A faithful copy of all the records is needed, with the pictures omitted.

- - - - -

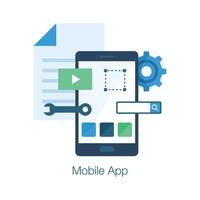 Get this amazing icon of mobile app development in modern style vector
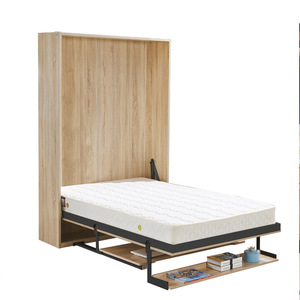 Betoci Hidden <b>Folding</b> <b>Bed</b> Hardware <b>Double</b> Bookshelf Metal Space Saving Bedroom Guest Room Modern Simple Style - Product Image 4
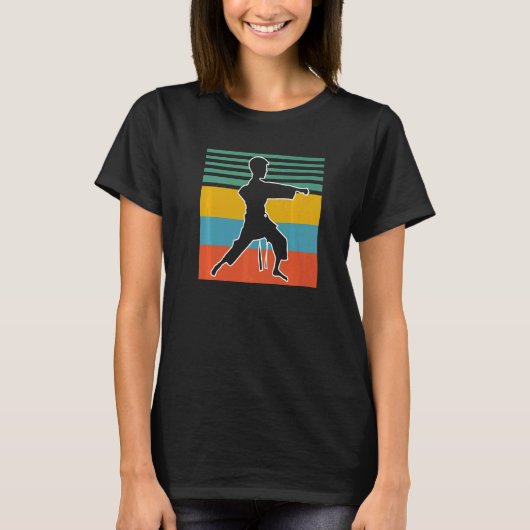 Karate Retro Sunset Karate   T-Shirt (Vorderseite)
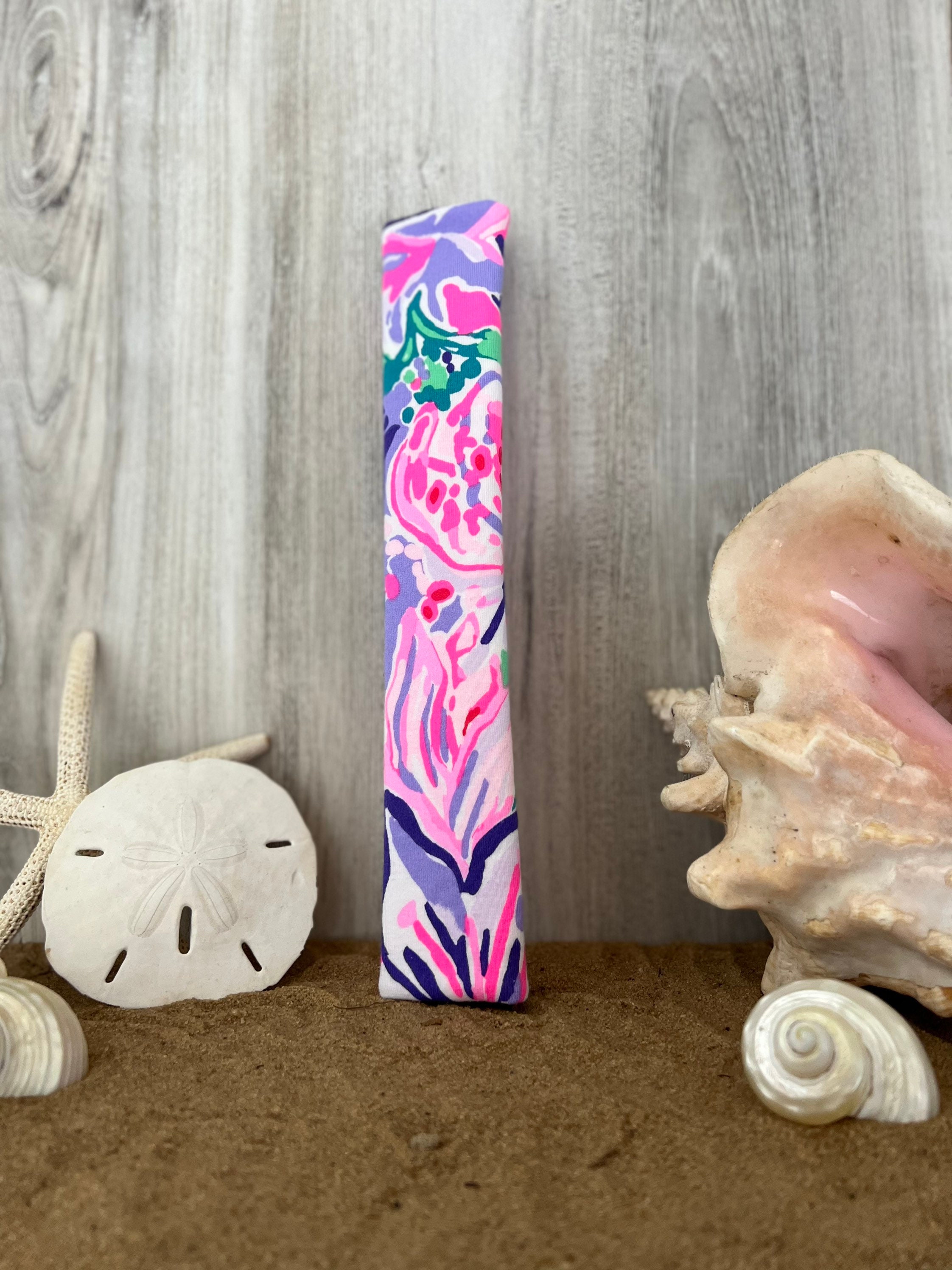 Steering Wheel Seat Belt Head Rest Covers in a beautiful colorful tropical flowers LP print pink purple soft Lilly T18 - Thumbnail 2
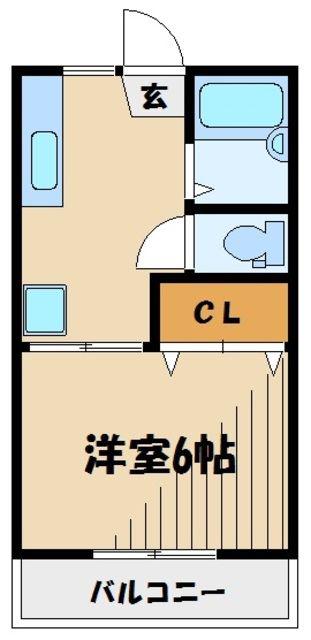 フォーブル富士見(1K/1階)の間取り写真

- - - - -

◆ **Result of the task**
 Get this amazing icon of mobile app development in modern style vector
 Betoci Hidden <b>Folding</b> <b>Bed</b> Hardware <b>Double</b> Bookshelf Metal Space Saving Bedroom Guest Room Modern Simple Style - Product Image 4
 Karate Retro Sunset Karate   T-Shirt (Vorderseite)
 Steering Wheel Seat Belt Head Rest Covers in a beautiful colorful tropical flowers LP print pink purple soft Lilly T18 - Thumbnail 2
 フォーブル富士見(1K/1階)の間取り写真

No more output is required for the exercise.